:: What the exercise asks ::
Give back the records below verbatim, please, but without a single image.
Records supplied Block Start
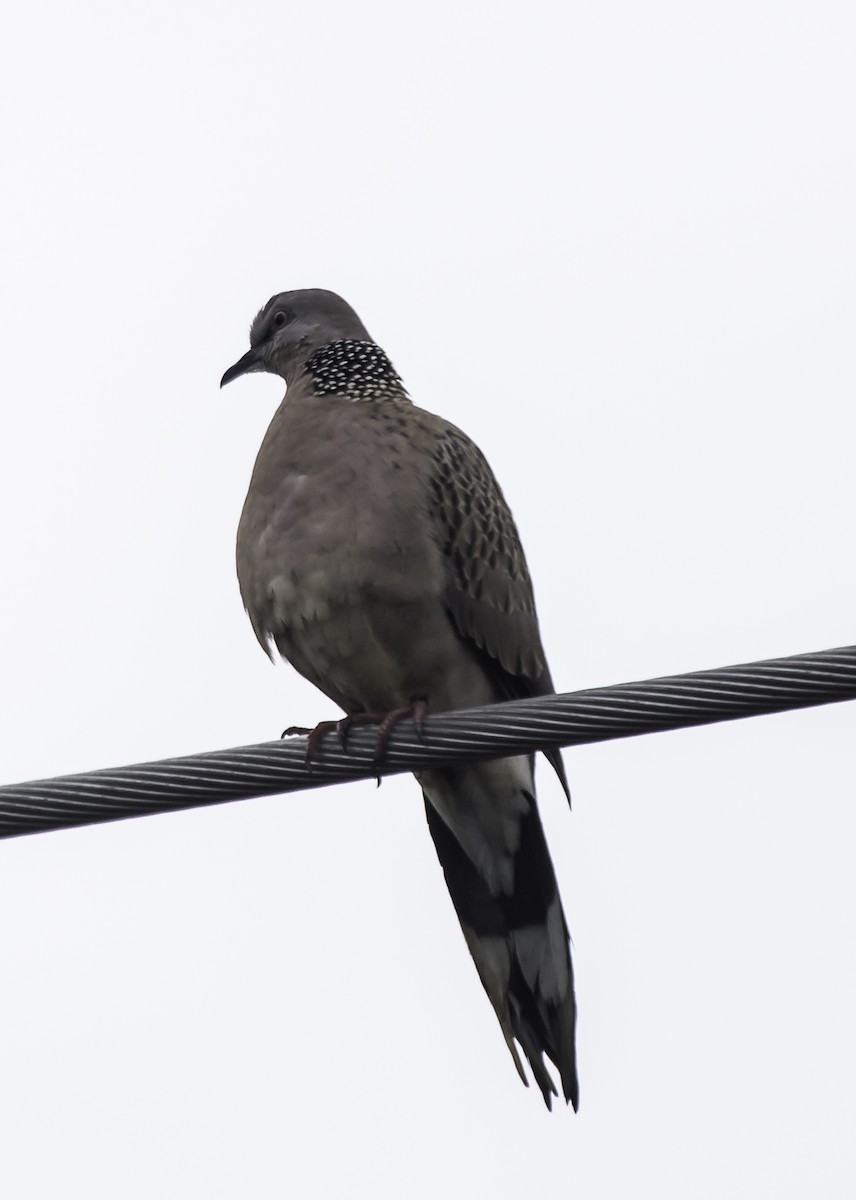 Spotted Dove - ML622646199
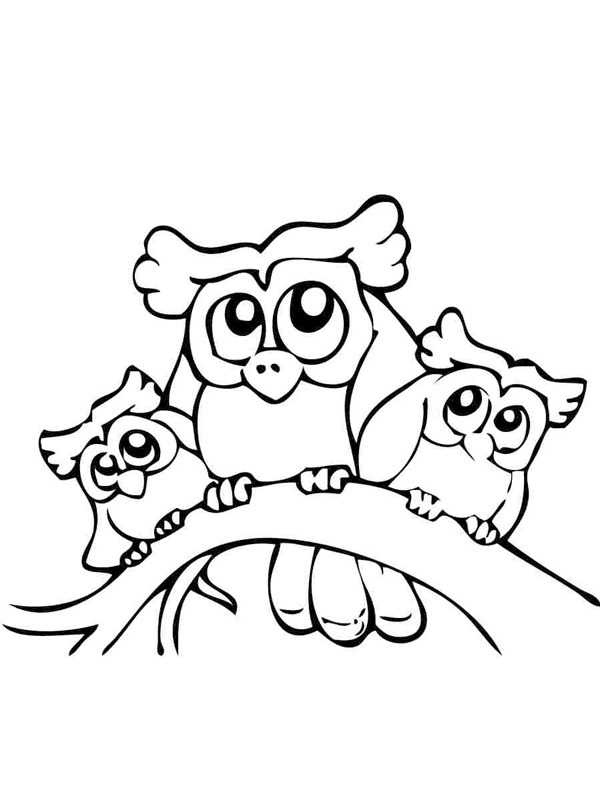 3 Owls Colouring page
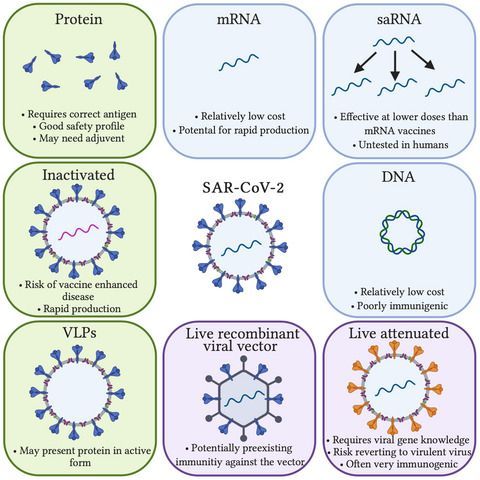 CEIjournal's tweet image. This #OAWeek2020, we&apos;re celebrating some of our best #OpenAccess research 🌟

This excellent review of #vaccines for #COVID19 from @DrTregoning @DrKatPollock @Dr_HMCheeseman et al @ImperialInfect discusses different approaches &amp;amp; #clinicaltrials progress

👉buff.ly/3jap9Vq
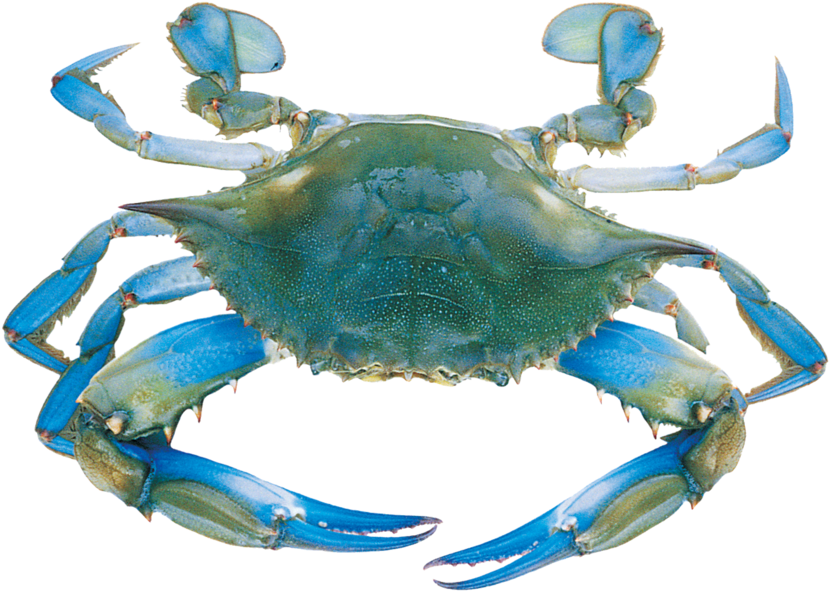 Crab Blue (854x636)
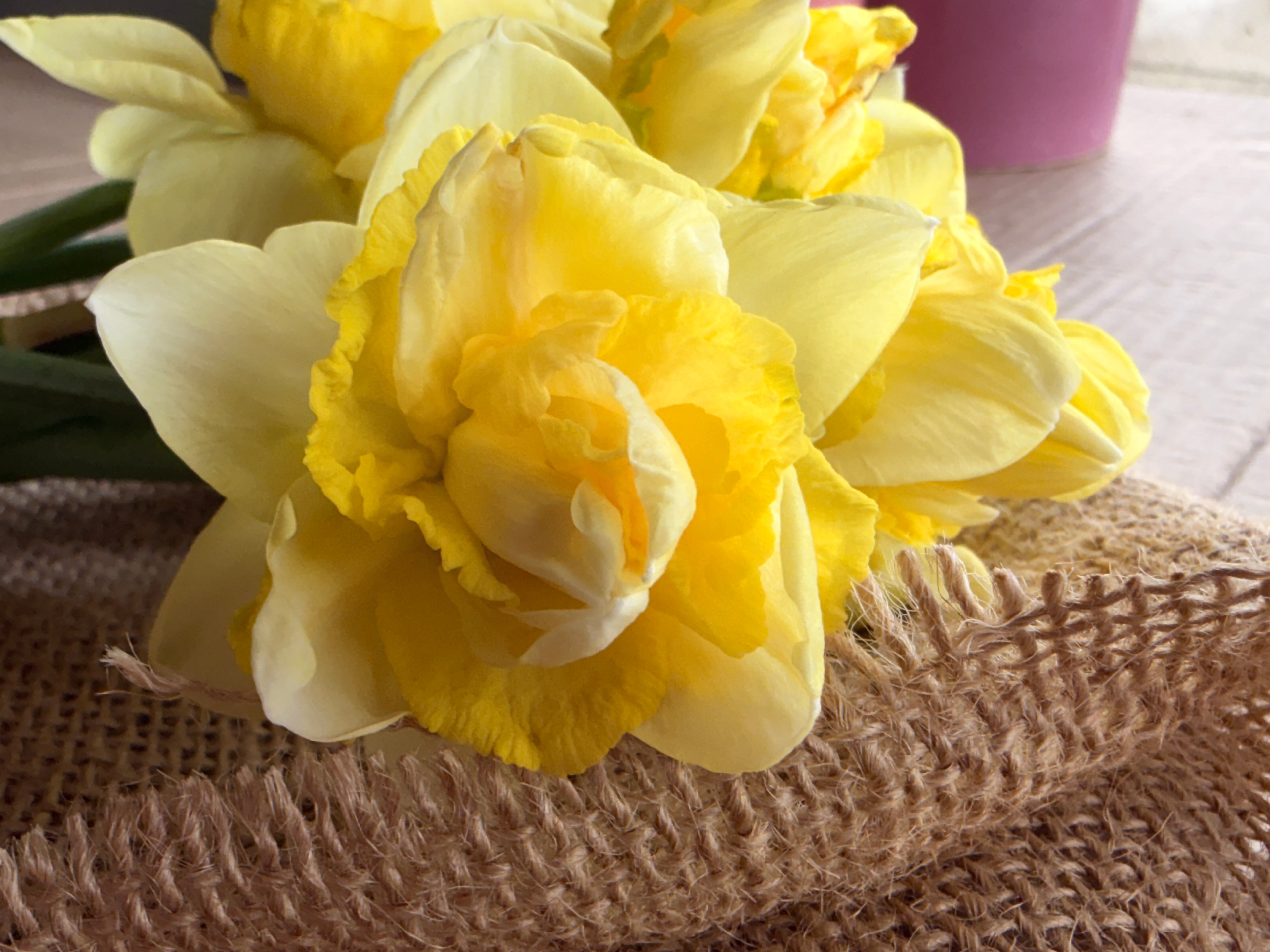 Daffodil - Art Design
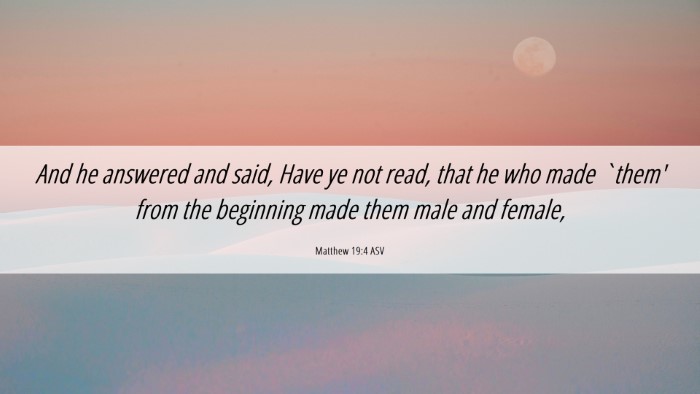Picture 06 - Matthew 19:4 ASV Desktop Wallpaper - And he answered and said, Have ye not read, that - Desktop Bible Verse Wallpaper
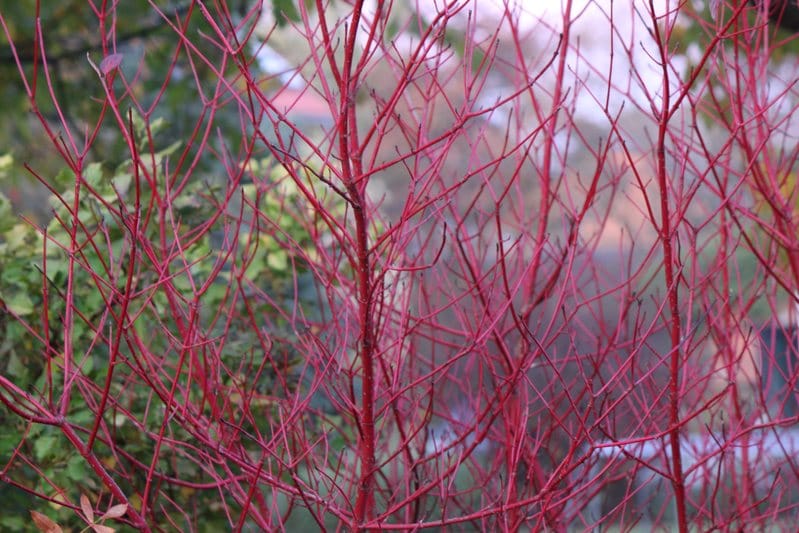 Designing a Winter Garden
Records supplied Block End
:: Response to this task ::
 Spotted Dove - ML622646199
 3 Owls Colouring page
 CEIjournal's tweet image. This #OAWeek2020, we&apos;re celebrating some of our best #OpenAccess research 🌟

This excellent review of #vaccines for #COVID19 from @DrTregoning @DrKatPollock @Dr_HMCheeseman et al @ImperialInfect discusses different approaches &amp;amp; #clinicaltrials progress

👉buff.ly/3jap9Vq
 Crab Blue (854x636)
 Daffodil - Art Design
Picture 06 - Matthew 19:4 ASV Desktop Wallpaper - And he answered and said, Have ye not read, that - Desktop Bible Verse Wallpaper
 Designing a Winter Garden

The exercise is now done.